TALLAHASSEE — How much of your tax dollars do state workers earn? What is each state contract worth?
With the click of a computer mouse, Floridians could soon start finding out all the answers on a new Web site that the Florida Senate wants to build.
"This puts Florida's checkbook online," said Sen. Don Gaetz, a Niceville Republican.
But the new Transparency Florida initiative won't start up overnight. An initial version should be up and running by July.
It won't be free, either. Estimated cost: $500,000 to launch, and $75,000 to maintain.

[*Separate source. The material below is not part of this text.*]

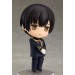 Hetalia World Stars: Japan (Nendoroid)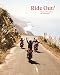Algopix Similar Product 1 - Ride Out Motorcycle Road Trips and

State workers — rather than an outside vendor — would operate the site.
"The savings could be many-fold," said Senate budget chief J.D. Alexander, R-Lake Wales. "We could effectively turn 18 million Floridians into auditors to make sure we're spending every dollar as frugally as possible."
The state's $65.4 billion budget and much of its documentation are online now, but it's not user friendly and parts of it can be unintelligible to the uninitiated. Under the Transparency Florida site, senators say, Floridians can click on Frequently Asked Questions.
"This book is almost impossible for me to go through," said Sen. Jeremy Ring, D-Margate. "The only people who would really be opposed to this sort of Web site, this sort of transparency, are people who would be afraid that other people would actually find out what they put in the budget."
Also, viewers should be able to find trust-fund balances, historical spending data, payroll information and records of individual checks for contracts. None is available online now.
Gov. Charlie Crist, who has pledged to run "the most open administration," praised the initiative.